Whoever wins the next election will be forming a government facing huge challenges. Two key issues, often pitted against one another, are economic growth and protecting the environment. But without solving this equation, the new government can’t put the UK on the path to prosperity, writes Gavin Graveson, Veolia Senior Executive Vice President Northern Europe 

The climate crisis and cost of living crisis should be tackled together. Green policy isn’t a zero sum game. There are growth opportunities across the vital water, waste and energy sectors – if the right policy frameworks are in place. We cannot afford to delay and the new Government must prioritise actions that enable investment in infrastructure to decarbonise, depollute and regenerate resources at scale.

Firstly, the energy transition isn’t simply about reaching net zero. It’s also about building a resilient, domestic supply so we can produce low carbon, local heat and electricity in a cost efficient way to homes and businesses. Cumbersome planning systems and stifling red tape need to be simplified so green infrastructure projects can take months, rather than the years that is currently the norm for both planning and for grid connections. This will start powering sustainable growth.

Secondly, the resource sector is still waiting for clarity on the Government’s Resources and Waste Strategy announced in 2018. That’s six years of uncertainty that is hindering progress on national recycling rates and undermining the confidence for businesses like Veolia to invest.

The Government must keep it simple and deliverable. An efficient and effective Extended Producer Responsibility Scheme will give producers value for money and more recyclable materials back into the value chain. A fair Emissions Trading Scheme will incentivise decarbonisation without encouraging backwards steps like a return to landfill. An escalating Plastic Packaging Tax will signal to producers that it is costly to use virgin materials that damage the planet and will make recyclable packaging made from recycled content a staple on our shelves.

Finally, the unacceptable levels of pollution and low levels of water resilience is not only an affront to the environment, but also our quality of life and is detrimental to our health. Over half of British people surveyed recently by Veolia and Elabe said they felt exposed and vulnerable to a health risk due to pollution and climate change. A sustainable, clean supply of water is a resource we cannot afford to take for granted.

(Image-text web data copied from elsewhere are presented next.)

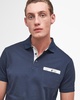 Hirstly Mens Tailored Polo Shirt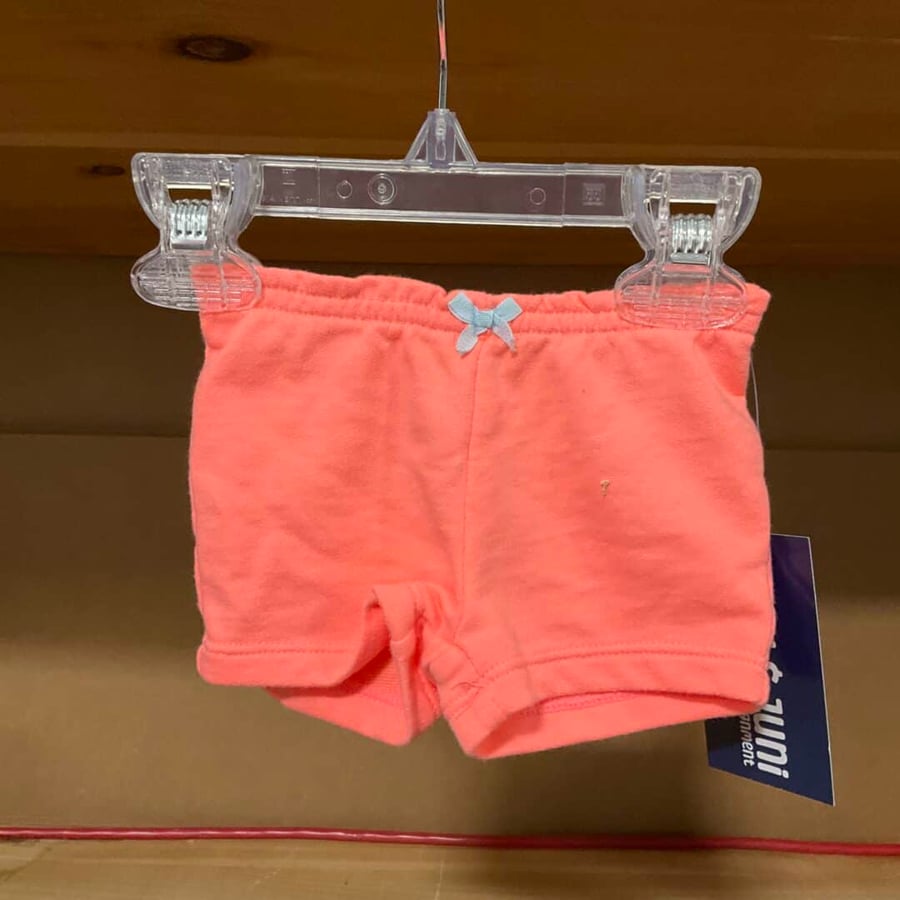 GIRLS - Newborn - Shorts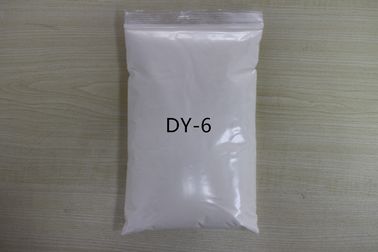 DY-6 비닐 클로라이드 초산 비닐 공중합 수지는 잉크와 접착제에 사용했습니다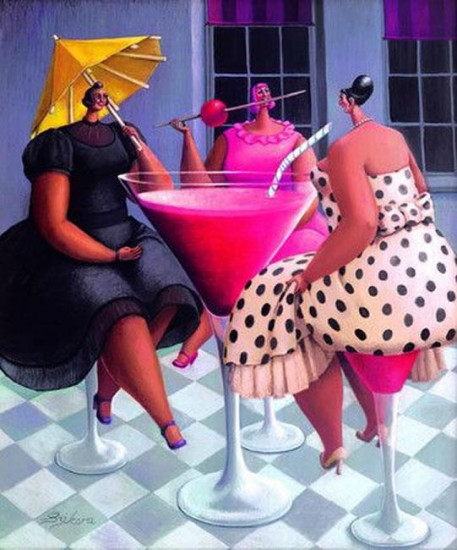 Ladies Wot Lunch Ladies Wot Lunch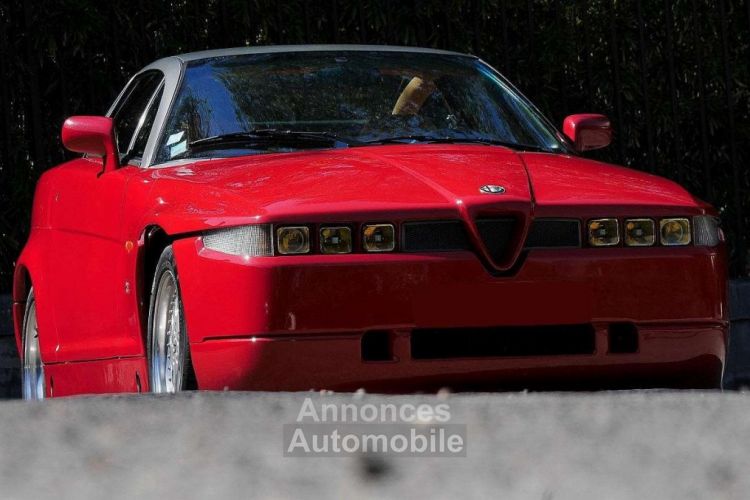 Alfa Romeo SZ - <small></small> 78.500 € <small>TTC</small> - #7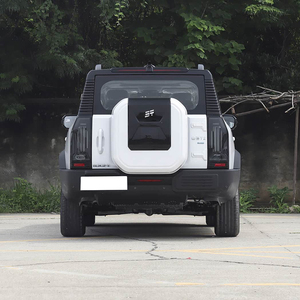 Square Hardcore JETOUR Traveler <b>Plug</b>-<b>in</b> Hybrid SUV Long Comprehensive Range Large 7-Seater New Energy Vehicle Worldwide DEPOSIT - Product Image 6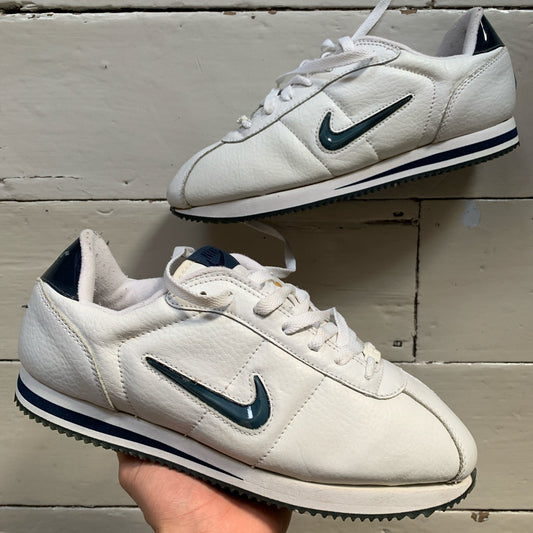 Nike Cortez Leather Vintage 2002 (UK 9)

Investment and innovation has to start now. Veolia has decontamination solutions on the market today but without a transparent public tender framework for works, the water industry will continue to be murky.

We need resilient water resources to safeguard drinking water supplies in the face of climate change and the ecological health of our rivers, lakes and seas must be a priority. Public trust will be hard to win back, but the new Government must increase the transparency of monitoring and reporting water quality and open up the market to more competitive solutions. UK citizens deserve a long term strategy on water resilience, addressing both quality and quantity.

Energy, waste and water are all critical sectors with positive growth, investment and environmental potential. But the mantra of “efficient and effective” must be applied to government legislation to unlock investment, create jobs and enable a profitable, sustainable economy. Whatever the colour of the new government, green must be high on their priority list.